Pictures in the entries below are excluded; copy only the lines from the one containing "This captivating painting" to the one containing "Police station, Thailand", both included.

SOURCE MATERIAL =
● ● ●
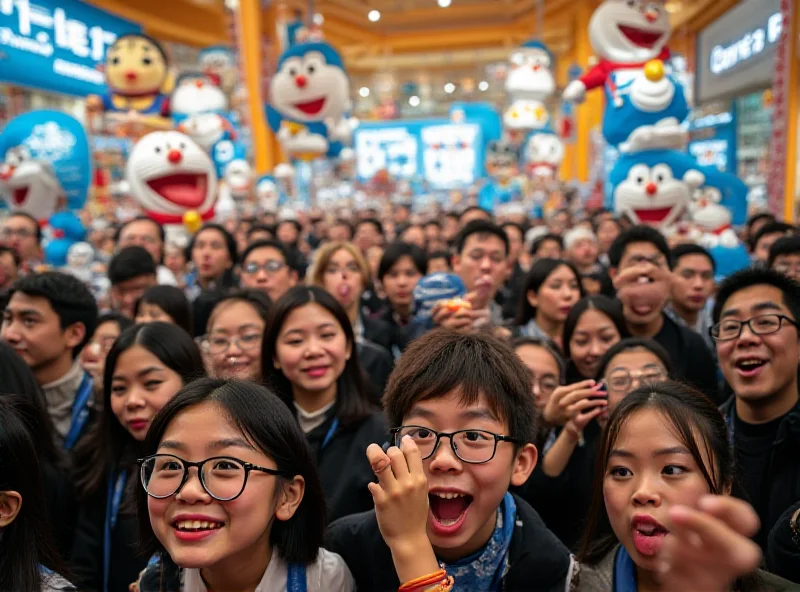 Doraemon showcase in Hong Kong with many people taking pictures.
● ● ●
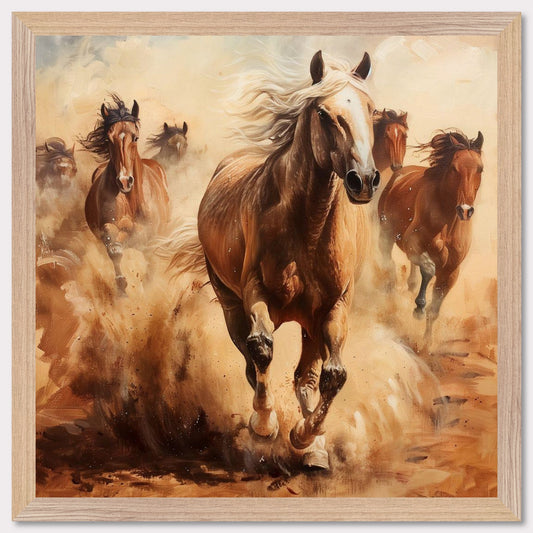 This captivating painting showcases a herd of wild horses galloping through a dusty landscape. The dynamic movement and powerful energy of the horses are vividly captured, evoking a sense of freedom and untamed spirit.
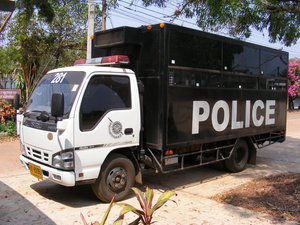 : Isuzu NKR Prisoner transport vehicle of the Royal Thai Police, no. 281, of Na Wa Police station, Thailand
● ● ●
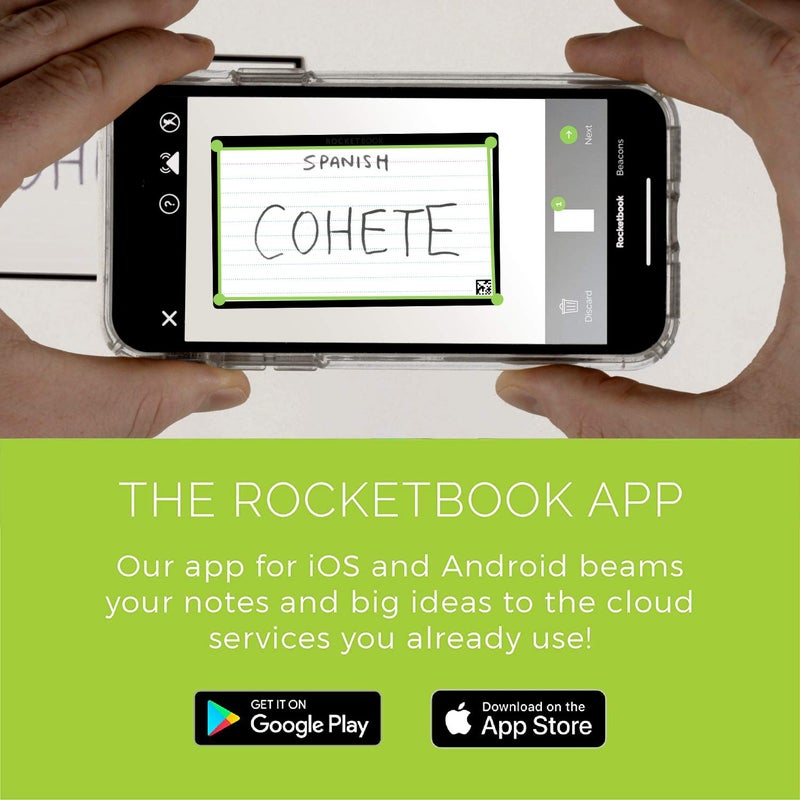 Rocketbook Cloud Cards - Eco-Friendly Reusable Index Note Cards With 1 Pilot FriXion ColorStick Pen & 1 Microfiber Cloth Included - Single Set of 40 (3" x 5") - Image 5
● ● ●
YOUR SOLUTION =
 This captivating painting showcases a herd of wild horses galloping through a dusty landscape. The dynamic movement and powerful energy of the horses are vividly captured, evoking a sense of freedom and untamed spirit.
 : Isuzu NKR Prisoner transport vehicle of the Royal Thai Police, no. 281, of Na Wa Police station, Thailand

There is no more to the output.